Schriver also said the Cleveland/Bradley Chamber of Commerce should do more to attract businesses to the city.

Brooks suggested the location be used to provide affordable housing. He also said Whirlpool may be awaiting suggestions on how to repurpose the site.

“I think they are waiting for us,” he said.

The candidates were asked how to address homelessness in the city.

Brooks said he had recently ridden on a bus and had observed sections of the city where homeless people congregate. He said there were tent cities and people camped under bridges.

“These people need help,” Brooks said. “I can’t wait to be part of the solution.”

Schriver said churches need to lend a helping hand.

“How many churches do we have here?” Schriver asked. “If every church took in two homeless people, we wouldn’t have homeless people here. Every church in the community can afford to help more.”

Despite counterpunches by Brooks all evening, an unfazed Schriver resumed his offensive during closing statements.

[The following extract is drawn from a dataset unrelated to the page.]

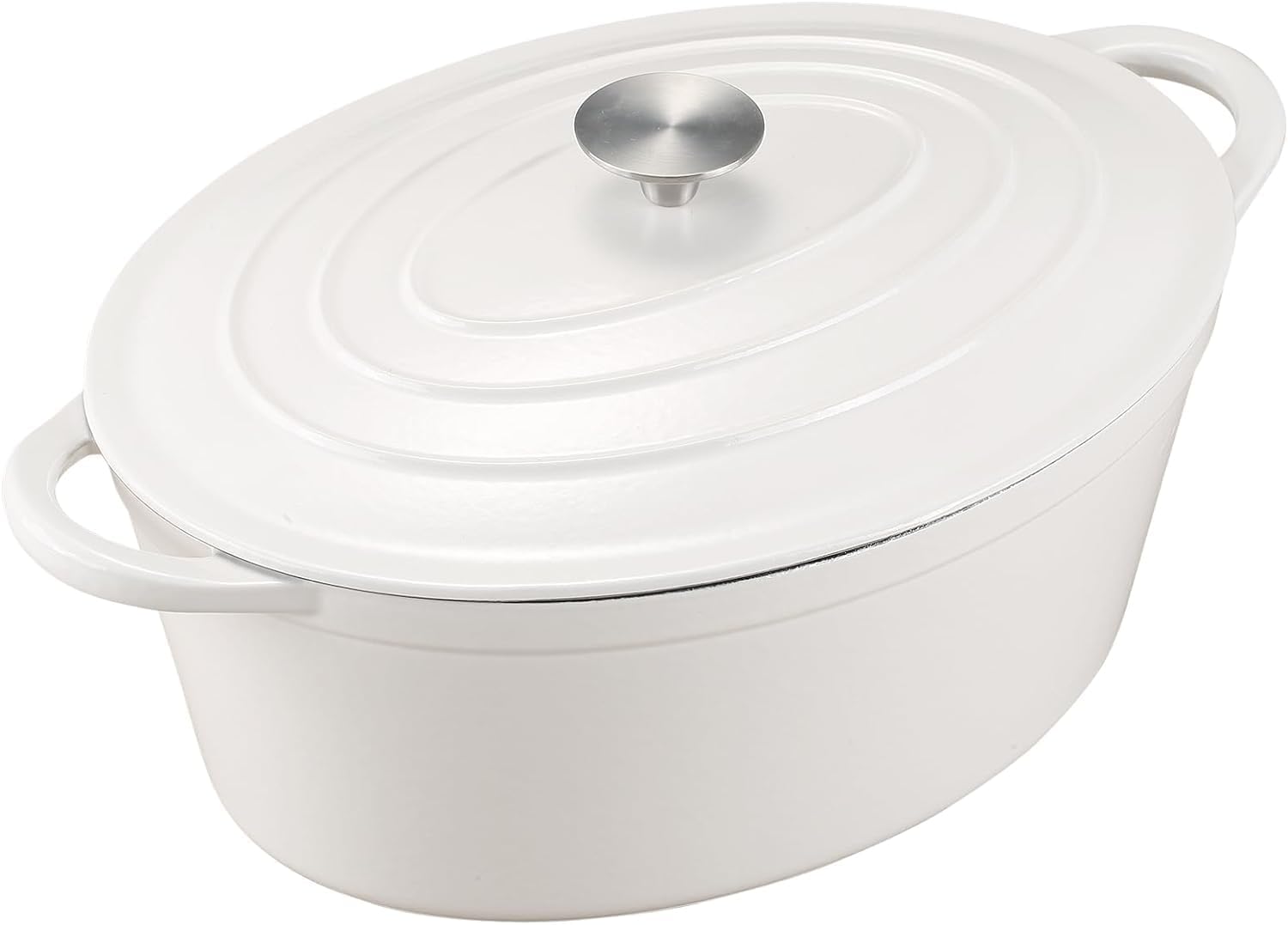 Enameled Cast Iron Oval Dutch Oven, 7 qt Oval Dutch Oven Pot with Lid and Dual Handles for Braising, for Braising, Broiling, Bread Baking, Frying, White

Lambasting Brooks and current mayor Tom Rowland, Schriver said it was inappropriate for Brooks to appear at a function in the mayor’s place. He questioned why Cleveland Vice Mayor Avery Johnson wasn’t instead sent to read aloud a proclamation that was presented during a VFW Auxiliary 70th Anniversary Celebration. 

In a "Viewpoint" opinion piece written by Rowland and published in the Cleveland Daily Banner, the mayor strongly denied Brooks had read the proclamation, but instead had delivered it to the VFW event.

“The mayor can’t send people other than the vice mayor,” Schriver said.

Brooks, visibly irritated, rebutted.

“It was just one time,” Brooks said. “I never read the proclamation. That was printed in the Cleveland Daily Banner, and it was wrong.”

The next mayoral debate will be broadcast live from WCLE’s Mix 104.1 studio at 8 a.m. Friday, June 29.